- EXERCISE BRIEF -
Return the following from the records below: each line, word for word, starting with the line that contains "Vaso QUADRA in" and going on through the line that contains "2016 Kenworth T800", with nothing outside that range.

- MATERIAL FOR THE TASK -
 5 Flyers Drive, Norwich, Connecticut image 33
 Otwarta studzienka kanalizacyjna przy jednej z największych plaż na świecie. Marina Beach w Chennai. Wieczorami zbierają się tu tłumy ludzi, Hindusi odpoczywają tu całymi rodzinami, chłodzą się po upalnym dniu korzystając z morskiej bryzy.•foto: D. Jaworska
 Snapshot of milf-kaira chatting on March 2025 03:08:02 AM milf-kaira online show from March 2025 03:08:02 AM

==

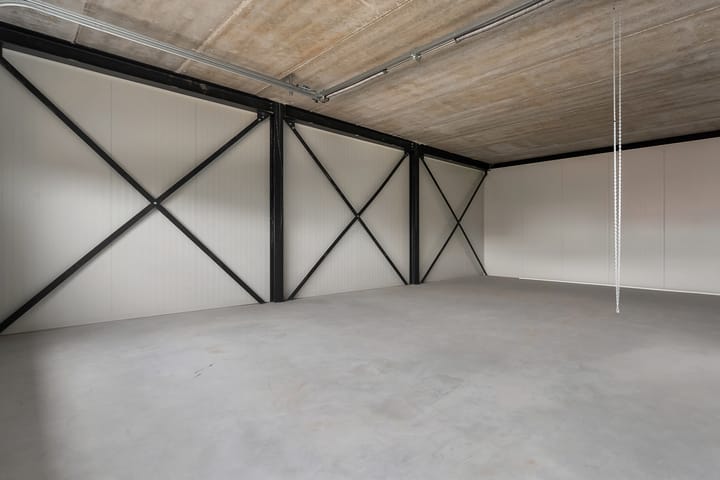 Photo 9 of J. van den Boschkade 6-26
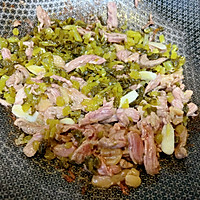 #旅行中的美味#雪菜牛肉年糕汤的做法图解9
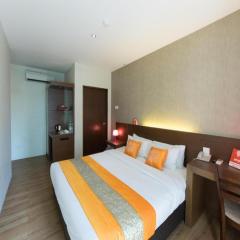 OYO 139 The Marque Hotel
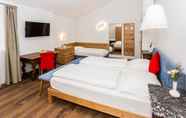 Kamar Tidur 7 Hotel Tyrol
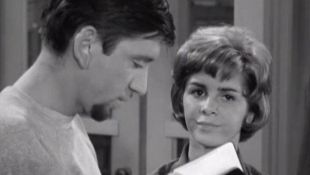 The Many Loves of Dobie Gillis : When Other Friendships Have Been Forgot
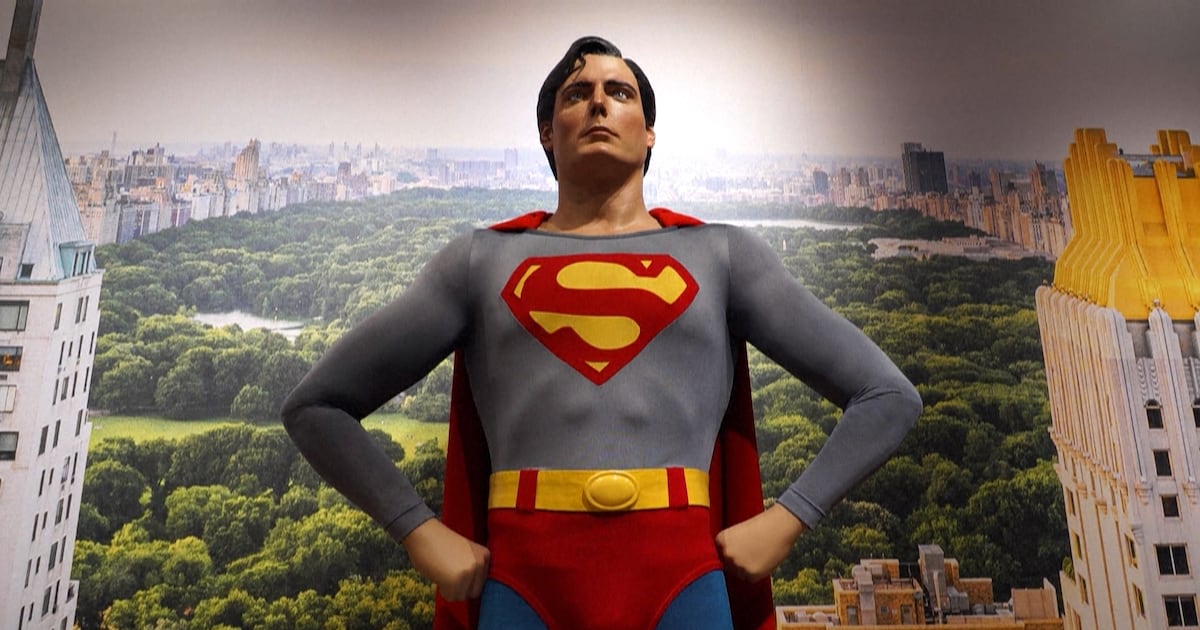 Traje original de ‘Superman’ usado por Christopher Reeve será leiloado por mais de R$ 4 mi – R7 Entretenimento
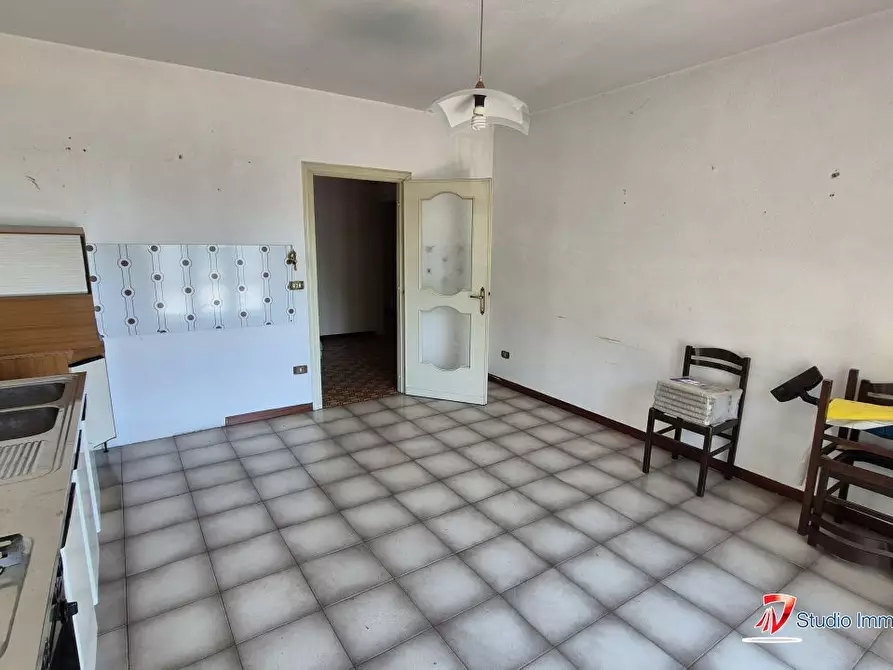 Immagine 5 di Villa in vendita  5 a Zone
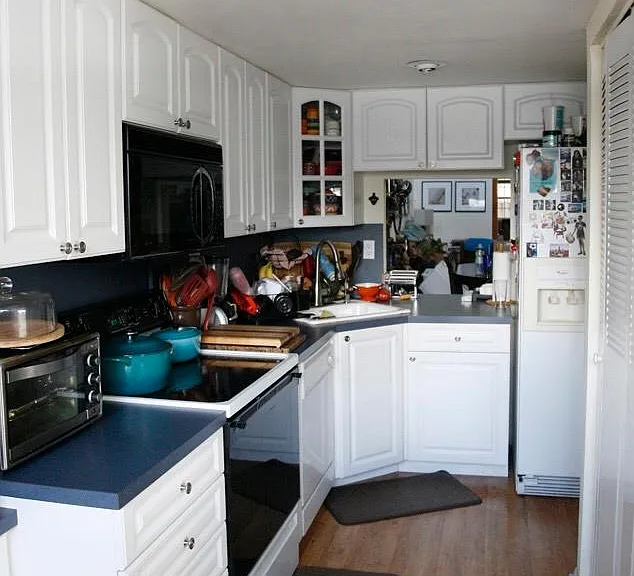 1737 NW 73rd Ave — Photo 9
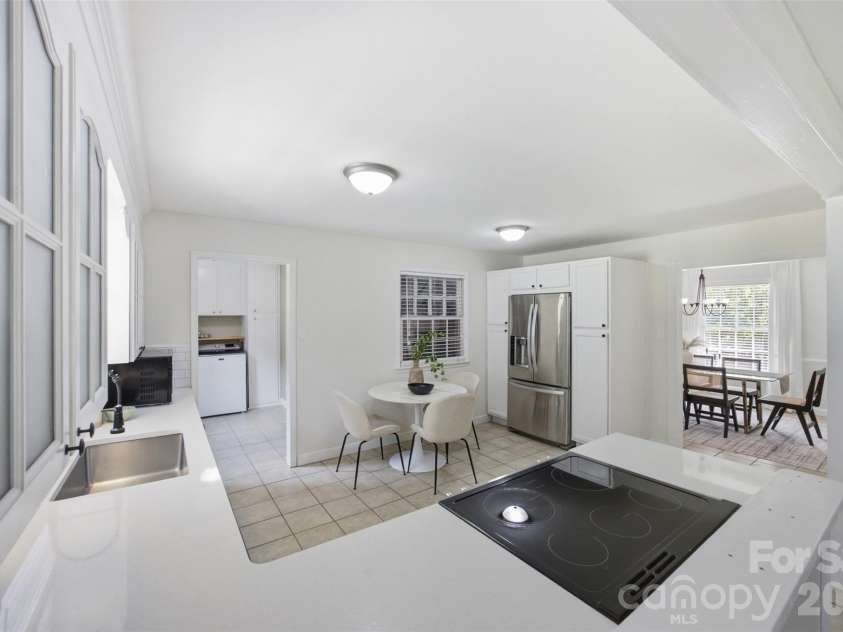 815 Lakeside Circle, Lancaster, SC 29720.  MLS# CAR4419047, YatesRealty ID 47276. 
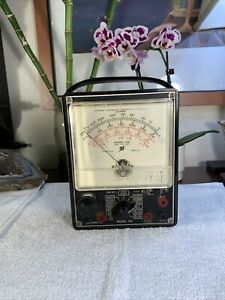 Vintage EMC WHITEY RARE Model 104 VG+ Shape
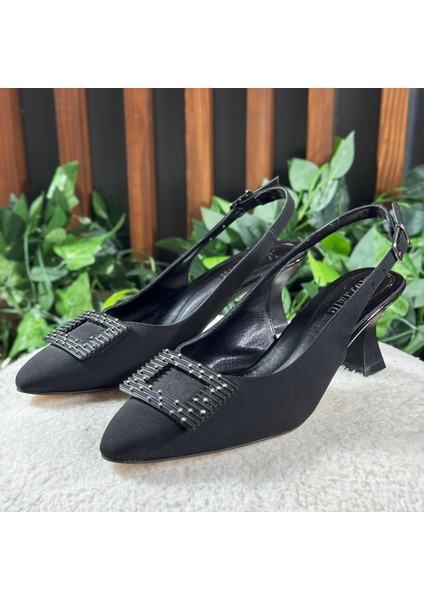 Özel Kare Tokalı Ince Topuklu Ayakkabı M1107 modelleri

==

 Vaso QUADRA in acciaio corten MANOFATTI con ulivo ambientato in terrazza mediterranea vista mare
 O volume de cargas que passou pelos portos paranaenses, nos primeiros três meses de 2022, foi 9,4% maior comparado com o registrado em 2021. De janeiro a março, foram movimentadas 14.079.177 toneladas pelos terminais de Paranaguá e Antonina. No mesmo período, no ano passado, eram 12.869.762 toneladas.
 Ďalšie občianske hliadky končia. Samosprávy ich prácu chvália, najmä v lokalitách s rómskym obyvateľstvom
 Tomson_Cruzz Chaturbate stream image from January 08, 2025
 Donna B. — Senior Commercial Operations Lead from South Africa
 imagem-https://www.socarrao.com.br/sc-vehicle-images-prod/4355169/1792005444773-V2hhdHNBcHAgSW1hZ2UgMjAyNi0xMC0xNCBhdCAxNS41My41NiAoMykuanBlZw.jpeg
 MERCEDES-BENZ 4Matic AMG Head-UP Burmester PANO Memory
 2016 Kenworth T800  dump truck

- PROBLEM SOLUTION -
 Vaso QUADRA in acciaio corten MANOFATTI con ulivo ambientato in terrazza mediterranea vista mare
 O volume de cargas que passou pelos portos paranaenses, nos primeiros três meses de 2022, foi 9,4% maior comparado com o registrado em 2021. De janeiro a março, foram movimentadas 14.079.177 toneladas pelos terminais de Paranaguá e Antonina. No mesmo período, no ano passado, eram 12.869.762 toneladas.
 Ďalšie občianske hliadky končia. Samosprávy ich prácu chvália, najmä v lokalitách s rómskym obyvateľstvom
 Tomson_Cruzz Chaturbate stream image from January 08, 2025
 Donna B. — Senior Commercial Operations Lead from South Africa
 imagem-https://www.socarrao.com.br/sc-vehicle-images-prod/4355169/1792005444773-V2hhdHNBcHAgSW1hZ2UgMjAyNi0xMC0xNCBhdCAxNS41My41NiAoMykuanBlZw.jpeg
 MERCEDES-BENZ 4Matic AMG Head-UP Burmester PANO Memory
 2016 Kenworth T800  dump truck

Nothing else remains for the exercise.